When the transmit queue is full, the application is blocked until a transmit descriptor becomes available.
Receiving a packet
The SMT32 Ethernet driver has a receive queue which is a second protected object, separate from the transmit queue. The receive queue is used by the Ethernet hardware to control the Ethernet receive ring and by the application to pick received packets. Each receive descriptor is assigned a packet buffer that is owned by default to the DMA. When a packet is available and the application calls the Wait_Packet operation, the packet buffer ownership is transferred to the application to avoid any memory copy. To avoid having a ring descriptor loosing its buffer, the application gives a new buffer that is used for the ring descriptor. This is why the application has first to allocate the buffer (1), call the Receive operation (2) to get back the packet in a new buffer and finally release the buffer when it has done with it (3).
Receive loop example
Below is an example of a task that loops to receive Ethernet packets and process them. This is the main receiver task used by the EtherScope monitoring tool.

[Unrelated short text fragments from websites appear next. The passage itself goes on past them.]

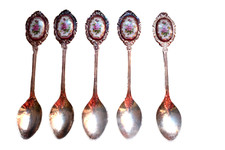 Conjunto de 5 colheres de chá folheadas a prata padrão floral de porcelana Coreia Cottagecore vintage comprar usado  Enviando para Brazil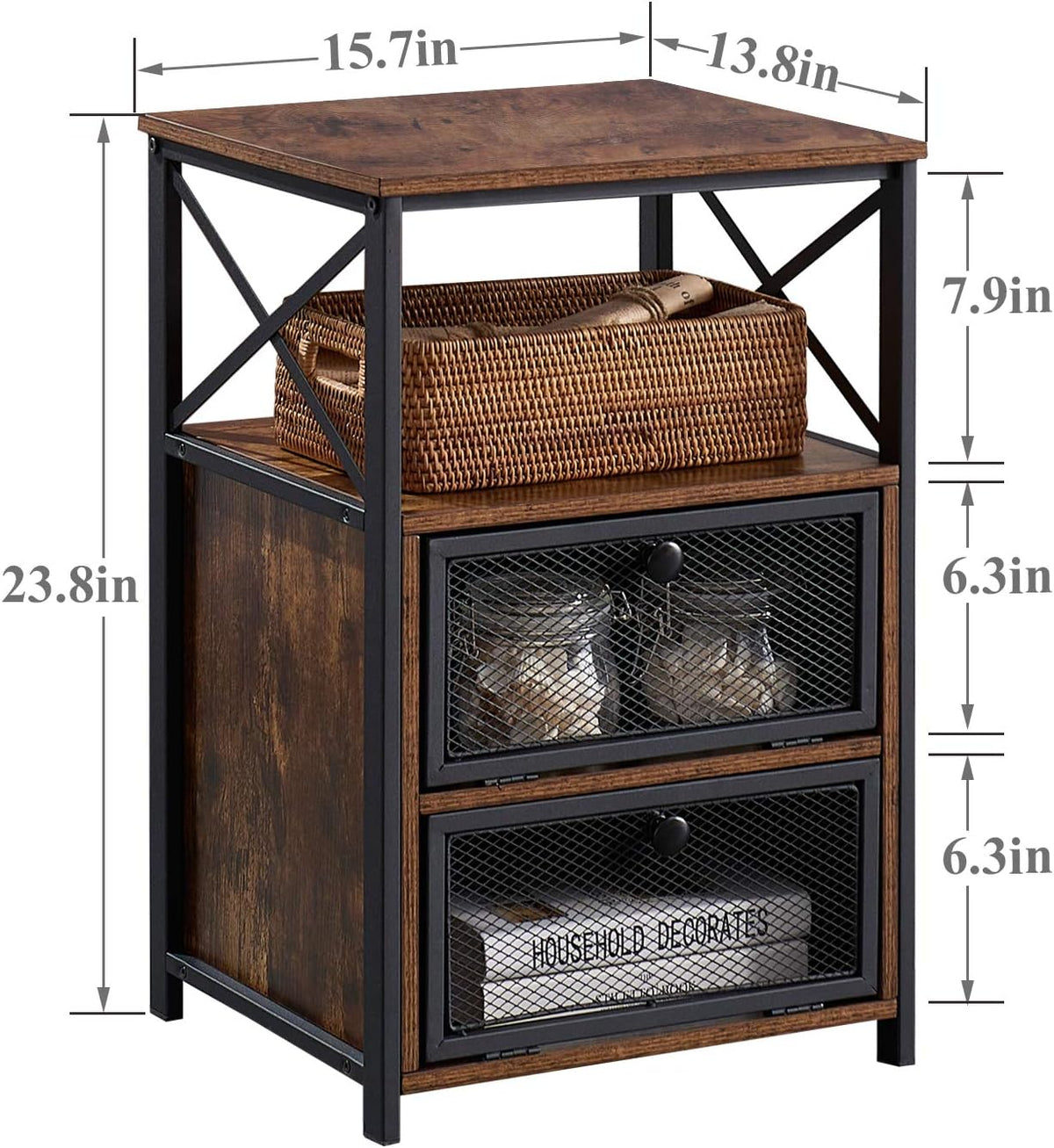 VECELO End Side Table, Modern Night Stand with Storage Space and Door, Set of 2 Nightstands for Living Room,Bedroom,Lounge,Antique Brown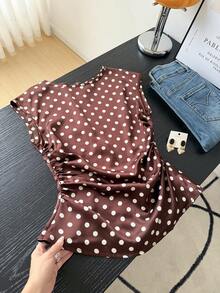 SHEIN Frenchy Áo sơ mi tay ngắn in chấm bi, kiểu dáng thanh lịch, thoải mái, phù hợp cho công sở. - màu nâu - Xem 1
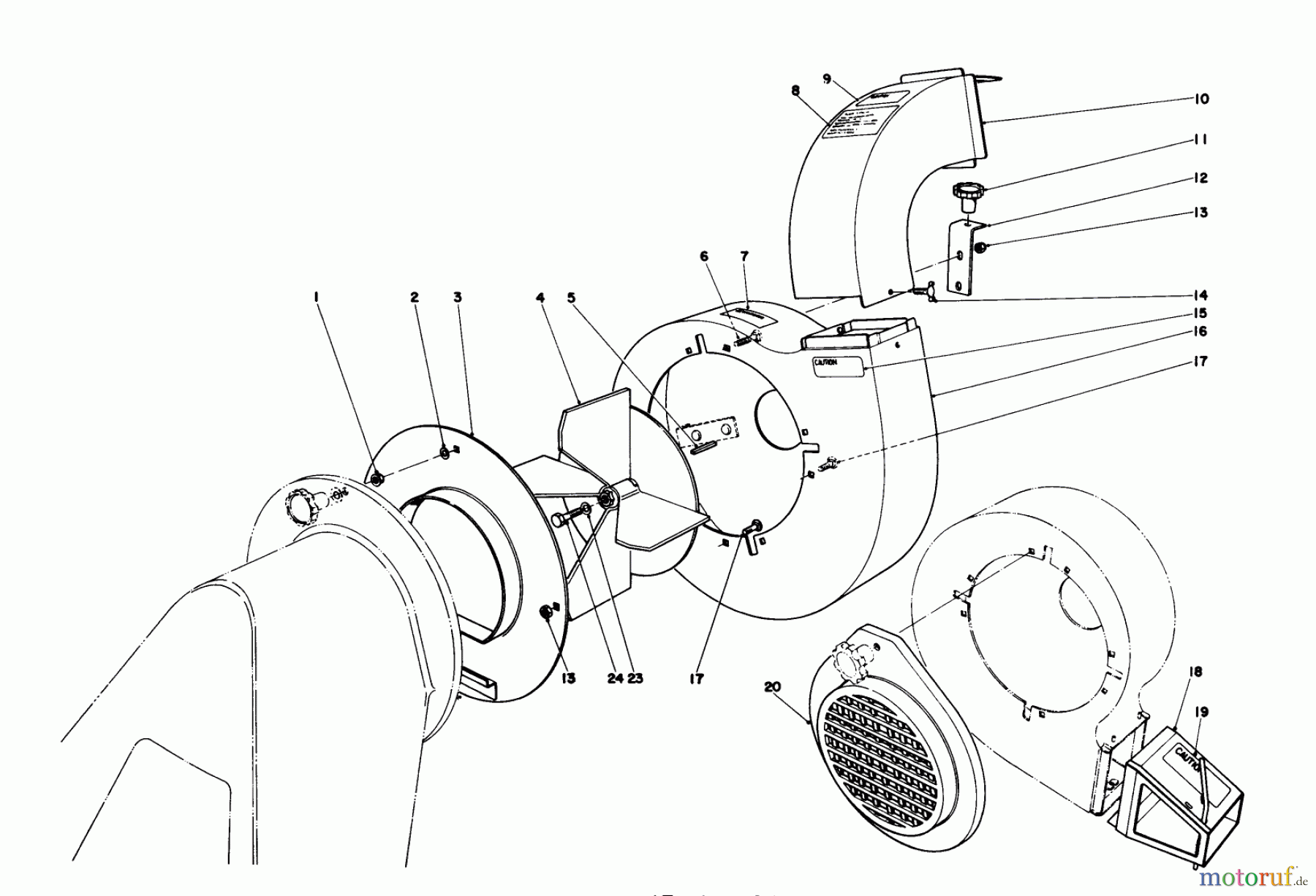 Toro Neu Blowers/Vacuums/Chippers/Shredders 62912 - Toro 5 hp Lawn Vacuum, 1981 (1000001-1999999) BLOWER ASSEMBLY (MODELS 62912 & 62923)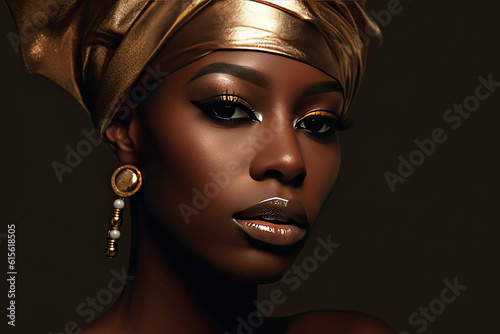 an african woman with gold makeup and head wraps, looking at the camera she is wearing a golden turba photo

The Ifnet driver initialization is done in the main EtherScope task. We must not use the driver before it is full initialized. This is why the task starts to loop for the Ifnet driver to be ready.
task body Controller is use type Ada.Real_Time.Time; Packet : Net.Buffers.Buffer_Type; begin while not Ifnet.Is_Ready loop delay until Ada.Real_Time.Clock + Ada.Real_Time.Seconds (1); end loop; Net.Buffers.Allocate (Packet); loop Ifnet.Receive (Packet); EtherScope.Analyzer.Base.Analyze (Packet); end loop; end Controller;
Then, we allocate a packet buffer and enter in the main loop to continuously receive a packet and do some processing. The careful reader will note that there is no buffer release. We don't need that because the Receive driver operation will pick our buffer for its ring and it will give us a buffer that holds the received packet. We will give him back that buffer at the next loop. In this application, the number of buffers needed by the buffer pool is the size of the Ethernet Rx ring plus one.
The complete source is available in etherscope-receiver.adb.
Using this design and implementation, the EtherScope application has shown that it can sustain more than 95Mb of traffic for analysis. Quite nice for 216 Mhz ARM Cortex-M7!